The input Start Marker
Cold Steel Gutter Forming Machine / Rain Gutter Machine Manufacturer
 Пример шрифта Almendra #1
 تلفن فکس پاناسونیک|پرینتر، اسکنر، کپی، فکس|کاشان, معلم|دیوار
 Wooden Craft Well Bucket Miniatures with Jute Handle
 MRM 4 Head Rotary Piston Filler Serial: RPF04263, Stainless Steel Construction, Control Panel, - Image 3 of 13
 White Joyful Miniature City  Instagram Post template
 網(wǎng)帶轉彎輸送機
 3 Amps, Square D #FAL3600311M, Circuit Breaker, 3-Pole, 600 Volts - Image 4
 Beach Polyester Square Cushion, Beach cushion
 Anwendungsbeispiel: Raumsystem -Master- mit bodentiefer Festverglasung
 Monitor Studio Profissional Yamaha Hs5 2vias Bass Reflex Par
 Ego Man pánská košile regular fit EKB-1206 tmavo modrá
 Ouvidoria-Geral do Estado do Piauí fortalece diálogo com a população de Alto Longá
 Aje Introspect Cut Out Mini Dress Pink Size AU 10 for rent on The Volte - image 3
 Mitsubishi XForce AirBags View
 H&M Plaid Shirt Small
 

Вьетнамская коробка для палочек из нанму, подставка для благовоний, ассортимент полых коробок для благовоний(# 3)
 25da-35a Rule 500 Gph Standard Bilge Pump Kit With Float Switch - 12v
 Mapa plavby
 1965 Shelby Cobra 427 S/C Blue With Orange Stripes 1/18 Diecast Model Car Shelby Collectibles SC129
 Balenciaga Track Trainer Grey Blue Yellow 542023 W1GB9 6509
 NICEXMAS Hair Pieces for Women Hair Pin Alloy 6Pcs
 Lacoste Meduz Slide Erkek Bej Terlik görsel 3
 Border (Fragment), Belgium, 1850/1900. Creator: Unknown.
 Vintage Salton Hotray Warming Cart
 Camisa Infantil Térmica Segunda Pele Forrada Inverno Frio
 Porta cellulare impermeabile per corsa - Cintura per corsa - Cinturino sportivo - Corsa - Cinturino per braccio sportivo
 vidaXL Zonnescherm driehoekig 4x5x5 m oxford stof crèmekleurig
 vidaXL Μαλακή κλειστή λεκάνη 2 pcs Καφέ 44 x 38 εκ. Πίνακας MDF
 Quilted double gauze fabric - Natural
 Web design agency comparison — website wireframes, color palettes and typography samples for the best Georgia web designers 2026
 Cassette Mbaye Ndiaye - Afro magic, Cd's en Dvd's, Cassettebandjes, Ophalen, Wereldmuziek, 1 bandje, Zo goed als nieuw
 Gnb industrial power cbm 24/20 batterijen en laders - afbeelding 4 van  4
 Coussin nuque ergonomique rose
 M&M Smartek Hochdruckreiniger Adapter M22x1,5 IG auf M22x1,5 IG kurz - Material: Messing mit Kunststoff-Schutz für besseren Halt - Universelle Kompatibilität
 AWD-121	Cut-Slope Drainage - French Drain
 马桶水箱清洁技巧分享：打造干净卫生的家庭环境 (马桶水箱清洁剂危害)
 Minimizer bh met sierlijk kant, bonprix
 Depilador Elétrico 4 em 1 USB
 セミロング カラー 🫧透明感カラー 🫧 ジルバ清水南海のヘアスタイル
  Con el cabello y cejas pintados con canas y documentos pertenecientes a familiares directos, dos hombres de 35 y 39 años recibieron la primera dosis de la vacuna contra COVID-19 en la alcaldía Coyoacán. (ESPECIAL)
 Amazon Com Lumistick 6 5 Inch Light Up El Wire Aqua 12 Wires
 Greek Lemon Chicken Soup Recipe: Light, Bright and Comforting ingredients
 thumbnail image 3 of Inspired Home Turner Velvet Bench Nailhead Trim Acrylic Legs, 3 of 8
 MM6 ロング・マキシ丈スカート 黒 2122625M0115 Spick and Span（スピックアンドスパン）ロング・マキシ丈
The input End Marker
**Your assignment:** The output should be exactly the lines above from the line containing "تلفن فکس پاناسونیک|پرینتر،" to the line containing "網(wǎng)帶轉彎輸送機", inclusive, with no other lines.

**Completed exercise:**
 تلفن فکس پاناسونیک|پرینتر، اسکنر، کپی، فکس|کاشان, معلم|دیوار
 Wooden Craft Well Bucket Miniatures with Jute Handle
 MRM 4 Head Rotary Piston Filler Serial: RPF04263, Stainless Steel Construction, Control Panel, - Image 3 of 13
 White Joyful Miniature City  Instagram Post template
 網(wǎng)帶轉彎輸送機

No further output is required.